Source material =>
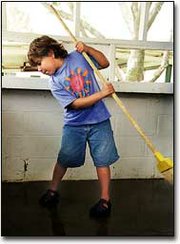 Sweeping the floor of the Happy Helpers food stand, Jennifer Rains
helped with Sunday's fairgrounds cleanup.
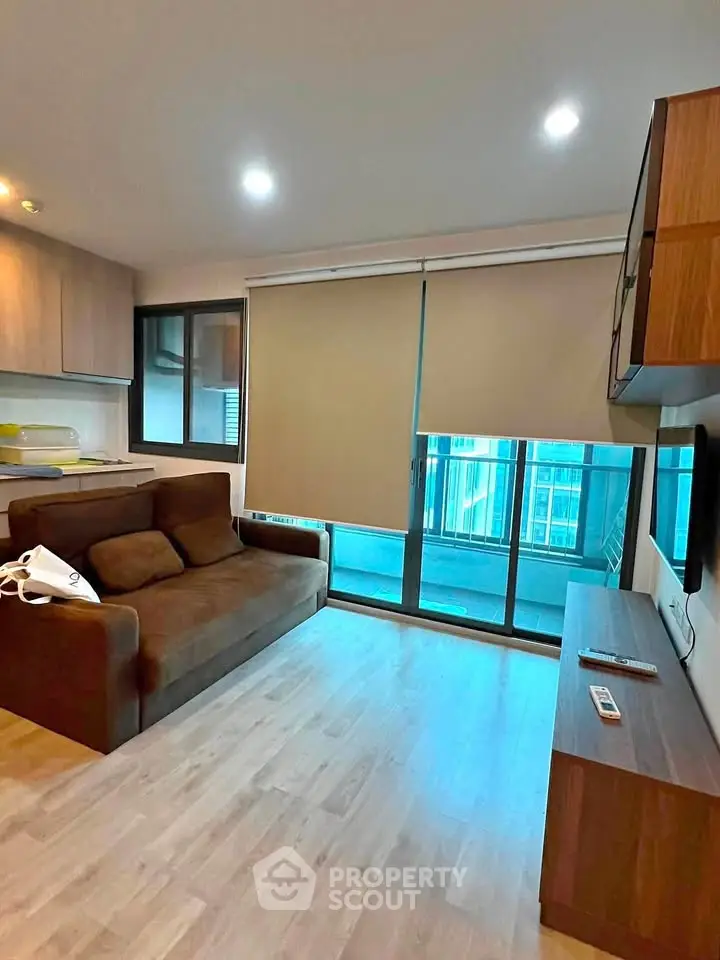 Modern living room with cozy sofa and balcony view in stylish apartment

* * *

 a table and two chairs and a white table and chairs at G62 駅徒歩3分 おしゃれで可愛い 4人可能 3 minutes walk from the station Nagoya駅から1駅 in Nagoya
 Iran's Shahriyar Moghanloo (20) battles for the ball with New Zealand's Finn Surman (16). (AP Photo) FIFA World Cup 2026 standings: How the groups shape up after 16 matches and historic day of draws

What to work on =>
Would you output the lines above from the line holding "Sweeping the floor" up to and including the line holding "Modern living room", exactly and only those, with no pictures?

Task solution =>
 Sweeping the floor of the Happy Helpers food stand, Jennifer Rains
helped with Sunday's fairgrounds cleanup.
 Modern living room with cozy sofa and balcony view in stylish apartment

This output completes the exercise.